** Extracted data follows **
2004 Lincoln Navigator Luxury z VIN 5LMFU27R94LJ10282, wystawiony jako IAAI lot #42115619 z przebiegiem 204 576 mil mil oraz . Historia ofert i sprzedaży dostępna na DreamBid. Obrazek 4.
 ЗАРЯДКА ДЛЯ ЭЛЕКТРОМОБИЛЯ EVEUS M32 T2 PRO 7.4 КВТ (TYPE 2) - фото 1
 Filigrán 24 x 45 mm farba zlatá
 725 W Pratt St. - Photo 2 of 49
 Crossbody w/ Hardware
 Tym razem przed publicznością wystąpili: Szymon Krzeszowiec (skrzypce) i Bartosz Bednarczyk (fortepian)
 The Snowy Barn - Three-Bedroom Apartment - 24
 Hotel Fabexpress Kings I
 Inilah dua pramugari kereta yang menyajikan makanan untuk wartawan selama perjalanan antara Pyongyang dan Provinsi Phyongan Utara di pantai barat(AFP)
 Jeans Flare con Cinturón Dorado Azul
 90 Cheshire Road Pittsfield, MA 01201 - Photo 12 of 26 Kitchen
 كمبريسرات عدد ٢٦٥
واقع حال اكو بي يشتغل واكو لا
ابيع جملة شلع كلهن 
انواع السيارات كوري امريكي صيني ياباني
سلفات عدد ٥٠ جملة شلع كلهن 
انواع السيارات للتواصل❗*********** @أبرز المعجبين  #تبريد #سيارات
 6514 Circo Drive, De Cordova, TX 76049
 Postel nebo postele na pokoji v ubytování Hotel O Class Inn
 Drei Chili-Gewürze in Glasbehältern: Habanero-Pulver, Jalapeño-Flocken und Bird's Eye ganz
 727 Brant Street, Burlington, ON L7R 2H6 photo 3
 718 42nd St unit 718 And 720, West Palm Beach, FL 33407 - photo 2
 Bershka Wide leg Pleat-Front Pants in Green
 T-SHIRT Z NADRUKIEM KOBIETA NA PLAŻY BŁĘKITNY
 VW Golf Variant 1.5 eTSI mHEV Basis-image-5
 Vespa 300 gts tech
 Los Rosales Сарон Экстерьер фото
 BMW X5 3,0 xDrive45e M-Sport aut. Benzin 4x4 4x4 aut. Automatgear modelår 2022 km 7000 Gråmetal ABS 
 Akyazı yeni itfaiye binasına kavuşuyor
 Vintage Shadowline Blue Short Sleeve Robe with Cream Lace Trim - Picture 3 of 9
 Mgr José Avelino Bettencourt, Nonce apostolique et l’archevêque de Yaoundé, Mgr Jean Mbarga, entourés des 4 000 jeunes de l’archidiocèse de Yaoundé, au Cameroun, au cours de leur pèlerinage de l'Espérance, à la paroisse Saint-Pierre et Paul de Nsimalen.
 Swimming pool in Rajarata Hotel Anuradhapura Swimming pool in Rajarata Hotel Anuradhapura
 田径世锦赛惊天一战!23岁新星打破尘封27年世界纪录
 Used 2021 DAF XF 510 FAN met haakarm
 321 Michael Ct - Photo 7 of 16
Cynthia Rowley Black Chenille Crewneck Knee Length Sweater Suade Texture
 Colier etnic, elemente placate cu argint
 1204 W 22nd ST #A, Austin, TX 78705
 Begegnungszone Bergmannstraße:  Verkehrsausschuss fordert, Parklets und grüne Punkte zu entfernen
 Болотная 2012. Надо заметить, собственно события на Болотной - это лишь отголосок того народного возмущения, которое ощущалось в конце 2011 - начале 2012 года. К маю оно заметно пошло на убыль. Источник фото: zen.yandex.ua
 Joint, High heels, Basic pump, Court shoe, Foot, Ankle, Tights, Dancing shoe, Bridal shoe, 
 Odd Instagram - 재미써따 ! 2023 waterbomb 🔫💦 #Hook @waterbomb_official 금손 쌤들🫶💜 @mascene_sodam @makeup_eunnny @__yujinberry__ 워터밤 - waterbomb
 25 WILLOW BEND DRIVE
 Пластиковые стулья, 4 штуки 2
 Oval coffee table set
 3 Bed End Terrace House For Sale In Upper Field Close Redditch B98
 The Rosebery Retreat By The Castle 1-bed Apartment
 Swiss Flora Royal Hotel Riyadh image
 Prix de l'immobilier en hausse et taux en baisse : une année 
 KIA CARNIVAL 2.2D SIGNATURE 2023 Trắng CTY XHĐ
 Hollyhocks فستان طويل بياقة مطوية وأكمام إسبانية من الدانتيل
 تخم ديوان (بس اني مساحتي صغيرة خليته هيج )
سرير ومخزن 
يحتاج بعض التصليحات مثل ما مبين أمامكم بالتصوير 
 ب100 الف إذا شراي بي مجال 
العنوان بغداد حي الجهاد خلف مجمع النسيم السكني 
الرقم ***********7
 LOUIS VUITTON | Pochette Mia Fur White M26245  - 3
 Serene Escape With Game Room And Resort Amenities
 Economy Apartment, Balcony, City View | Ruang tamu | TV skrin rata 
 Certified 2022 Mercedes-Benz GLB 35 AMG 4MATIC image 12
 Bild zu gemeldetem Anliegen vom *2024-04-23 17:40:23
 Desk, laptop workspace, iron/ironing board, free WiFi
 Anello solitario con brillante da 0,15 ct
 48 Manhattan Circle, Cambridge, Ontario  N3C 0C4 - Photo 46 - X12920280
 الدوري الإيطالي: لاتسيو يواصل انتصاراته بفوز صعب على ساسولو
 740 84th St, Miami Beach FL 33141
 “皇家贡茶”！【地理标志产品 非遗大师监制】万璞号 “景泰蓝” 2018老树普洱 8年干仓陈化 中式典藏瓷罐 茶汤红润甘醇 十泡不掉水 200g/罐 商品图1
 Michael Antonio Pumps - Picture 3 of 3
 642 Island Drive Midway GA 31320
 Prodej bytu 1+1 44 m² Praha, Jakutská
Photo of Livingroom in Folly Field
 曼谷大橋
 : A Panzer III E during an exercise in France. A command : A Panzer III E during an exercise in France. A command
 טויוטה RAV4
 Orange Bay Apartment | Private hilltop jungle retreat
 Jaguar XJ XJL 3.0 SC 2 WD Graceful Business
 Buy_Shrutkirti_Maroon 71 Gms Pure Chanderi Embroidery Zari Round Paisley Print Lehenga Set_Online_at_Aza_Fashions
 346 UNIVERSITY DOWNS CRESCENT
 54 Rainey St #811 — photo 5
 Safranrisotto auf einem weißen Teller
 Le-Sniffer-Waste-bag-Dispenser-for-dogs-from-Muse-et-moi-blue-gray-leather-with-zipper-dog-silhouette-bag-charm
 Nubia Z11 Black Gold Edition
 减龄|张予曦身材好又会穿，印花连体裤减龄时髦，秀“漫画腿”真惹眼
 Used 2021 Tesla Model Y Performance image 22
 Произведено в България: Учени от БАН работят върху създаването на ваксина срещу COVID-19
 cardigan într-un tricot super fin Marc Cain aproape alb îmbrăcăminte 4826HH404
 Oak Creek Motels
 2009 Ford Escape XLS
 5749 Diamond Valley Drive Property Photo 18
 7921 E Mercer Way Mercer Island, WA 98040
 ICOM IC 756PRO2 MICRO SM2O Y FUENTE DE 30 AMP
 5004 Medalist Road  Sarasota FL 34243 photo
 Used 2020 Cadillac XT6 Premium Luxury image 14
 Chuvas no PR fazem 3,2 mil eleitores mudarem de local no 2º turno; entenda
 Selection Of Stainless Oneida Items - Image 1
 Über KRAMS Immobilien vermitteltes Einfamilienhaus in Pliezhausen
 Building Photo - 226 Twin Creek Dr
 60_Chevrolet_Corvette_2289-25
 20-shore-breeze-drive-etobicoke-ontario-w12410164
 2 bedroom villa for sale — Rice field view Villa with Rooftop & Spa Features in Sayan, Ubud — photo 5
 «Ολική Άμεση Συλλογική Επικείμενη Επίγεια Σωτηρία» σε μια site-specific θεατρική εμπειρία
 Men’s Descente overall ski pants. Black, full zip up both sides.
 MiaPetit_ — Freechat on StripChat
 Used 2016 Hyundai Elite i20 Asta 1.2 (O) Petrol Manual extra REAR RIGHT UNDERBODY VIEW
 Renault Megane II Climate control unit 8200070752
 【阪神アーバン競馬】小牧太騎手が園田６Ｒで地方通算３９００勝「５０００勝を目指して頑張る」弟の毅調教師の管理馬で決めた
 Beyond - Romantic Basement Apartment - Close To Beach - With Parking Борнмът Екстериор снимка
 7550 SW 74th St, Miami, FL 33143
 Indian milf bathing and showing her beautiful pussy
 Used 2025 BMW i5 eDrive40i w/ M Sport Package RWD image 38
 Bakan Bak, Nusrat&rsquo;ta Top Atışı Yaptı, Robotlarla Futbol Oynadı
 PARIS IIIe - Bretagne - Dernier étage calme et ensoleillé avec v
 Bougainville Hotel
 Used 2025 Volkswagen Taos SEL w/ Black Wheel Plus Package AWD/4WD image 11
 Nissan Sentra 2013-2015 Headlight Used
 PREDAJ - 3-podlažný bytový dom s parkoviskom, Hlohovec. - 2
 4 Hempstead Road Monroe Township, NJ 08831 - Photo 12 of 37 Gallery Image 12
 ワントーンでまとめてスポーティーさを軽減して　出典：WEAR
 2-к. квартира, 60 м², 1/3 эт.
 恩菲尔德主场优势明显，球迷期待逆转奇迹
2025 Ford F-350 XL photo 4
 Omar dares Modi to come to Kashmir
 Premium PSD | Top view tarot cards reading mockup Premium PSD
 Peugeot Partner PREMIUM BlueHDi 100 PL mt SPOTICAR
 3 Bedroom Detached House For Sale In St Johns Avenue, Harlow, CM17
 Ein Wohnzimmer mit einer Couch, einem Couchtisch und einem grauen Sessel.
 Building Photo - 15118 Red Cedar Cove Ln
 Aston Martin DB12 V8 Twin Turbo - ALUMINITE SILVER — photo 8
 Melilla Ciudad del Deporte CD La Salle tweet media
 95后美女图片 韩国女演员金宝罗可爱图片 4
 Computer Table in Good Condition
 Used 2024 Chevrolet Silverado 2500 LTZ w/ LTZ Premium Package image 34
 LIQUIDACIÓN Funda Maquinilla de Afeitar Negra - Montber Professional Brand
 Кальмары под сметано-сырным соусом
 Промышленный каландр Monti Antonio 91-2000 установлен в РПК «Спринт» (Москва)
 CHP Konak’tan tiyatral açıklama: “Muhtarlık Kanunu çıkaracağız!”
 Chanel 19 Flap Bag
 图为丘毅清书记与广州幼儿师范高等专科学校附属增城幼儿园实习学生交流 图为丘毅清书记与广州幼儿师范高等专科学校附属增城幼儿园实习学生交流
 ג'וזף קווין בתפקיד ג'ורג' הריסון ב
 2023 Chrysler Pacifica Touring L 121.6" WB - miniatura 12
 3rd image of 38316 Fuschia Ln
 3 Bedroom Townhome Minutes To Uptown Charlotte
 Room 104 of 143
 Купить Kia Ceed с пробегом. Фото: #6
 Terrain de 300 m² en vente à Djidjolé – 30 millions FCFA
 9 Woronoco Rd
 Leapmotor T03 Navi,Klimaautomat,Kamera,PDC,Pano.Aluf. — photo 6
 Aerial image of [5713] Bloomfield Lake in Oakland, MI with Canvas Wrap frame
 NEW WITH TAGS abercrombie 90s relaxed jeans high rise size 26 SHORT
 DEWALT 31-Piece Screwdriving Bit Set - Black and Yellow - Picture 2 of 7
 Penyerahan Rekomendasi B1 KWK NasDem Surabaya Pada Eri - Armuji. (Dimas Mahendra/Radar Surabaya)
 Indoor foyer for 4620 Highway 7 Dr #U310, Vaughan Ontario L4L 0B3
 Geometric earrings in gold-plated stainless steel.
** End of Extracted data **
§ **About this exercise**
Output each line exactly, from the first line of the data down to the line that contains "Hotel Fabexpress Kings I", both included.

§ **Your solution**
2004 Lincoln Navigator Luxury z VIN 5LMFU27R94LJ10282, wystawiony jako IAAI lot #42115619 z przebiegiem 204 576 mil mil oraz . Historia ofert i sprzedaży dostępna na DreamBid. Obrazek 4.
 ЗАРЯДКА ДЛЯ ЭЛЕКТРОМОБИЛЯ EVEUS M32 T2 PRO 7.4 КВТ (TYPE 2) - фото 1
 Filigrán 24 x 45 mm farba zlatá
 725 W Pratt St. - Photo 2 of 49
 Crossbody w/ Hardware
 Tym razem przed publicznością wystąpili: Szymon Krzeszowiec (skrzypce) i Bartosz Bednarczyk (fortepian)
 The Snowy Barn - Three-Bedroom Apartment - 24
 Hotel Fabexpress Kings I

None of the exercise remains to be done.